Problem plotting pandas dataframe containing arrays

I have a tricky question for you concerning data structure in pandas for plotting with seaborn.

Let's imagine, I have several experiments, each of them performed in different conditions. The result of each experiment is an array with a few thousand floats.

I was considering to have all the experiment results stored in a single pandas dataframe, in the so-called long-format, i.e. each row is one experiment, and each column is a variable. Almost all the variables are used to define the experimental conditions and then one variable containing the array of float with experiment results.

Something like this:

df = pd.DataFrame({'id':[1,2], 'temp':[21,22], 'oven':[0,1], 'values':[[1,2,3,4,5], [10,11,12,12,15,16,17]]})

So far so good.

Now I would like to use seaborn to make some plots. Imagine I want to plot an histogram of the values using id as a category.

I would do:

sns.histplot(df, x='values', hue='id')

But if I do so, I get an error message complaining that list is an unhashable type.

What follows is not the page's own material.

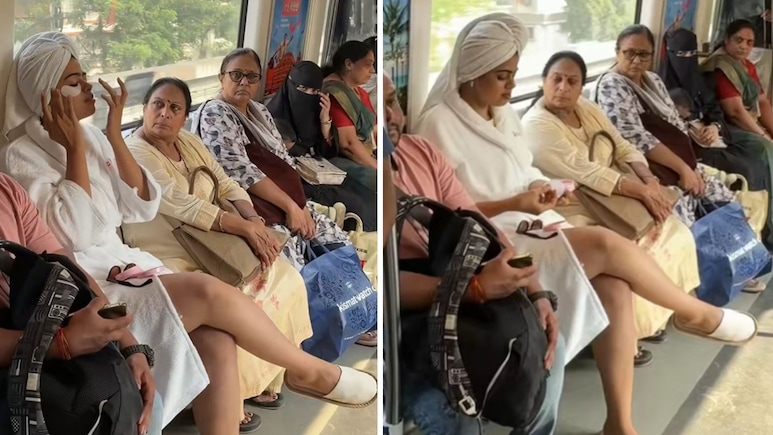 लड़की ने मेट्रो को बना दिया स्पा, बाथरोब पहने अंडर-आई पैच लगाती नजर आई 'Spa Queen'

As a workaround, I changed the data structure, so that I have a row for each of the floats in the experiment results, but this is making the table unnecessarily huge.

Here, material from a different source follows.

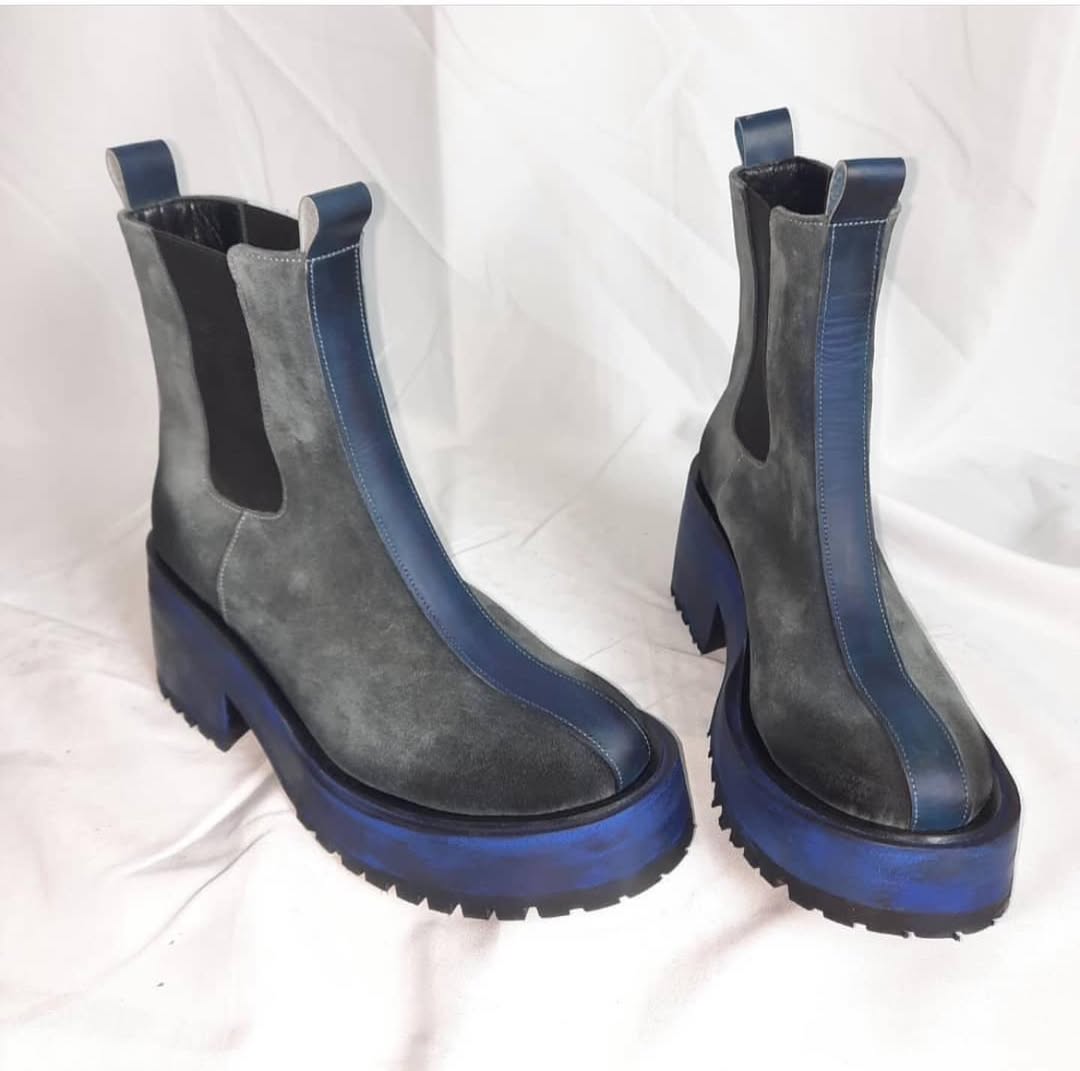 Two - Tone Suede Chelsea Boots with Chunky Heel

Do you have any suggestion for me?

Solution

A flat/tidy DataFrame would be almost the same, but having one row per point.

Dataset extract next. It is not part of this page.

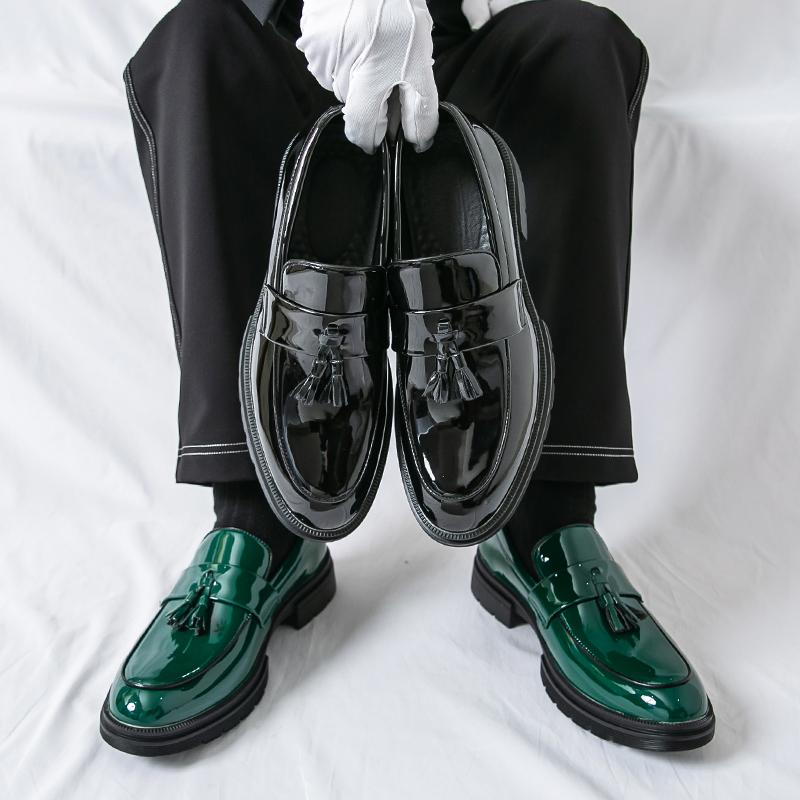 Мужские деловые туфли с бахромой, американская повседневная удобная толстая подошва, прочные модные кожаные туфли, обувь для путешествий, размеры 38-46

If you explode your dataset, this would work:

df_flat = df.explode('values')

sns.histplot(df_flat, x='values', hue='id')

Output:

Another option, would be to build a dictionary:

sns.histplot(dict(zip(df['id'], df['values'])))

# or
sns.histplot({k: v.squeeze() for k,v in df.groupby('id')['values']})

Output:

Finally, you can always plot manually:

ax = plt.subplot()

for row in df.index:
    ax.hist(df.loc[row, 'values'], label=df.loc[row, 'id'])
ax.legend()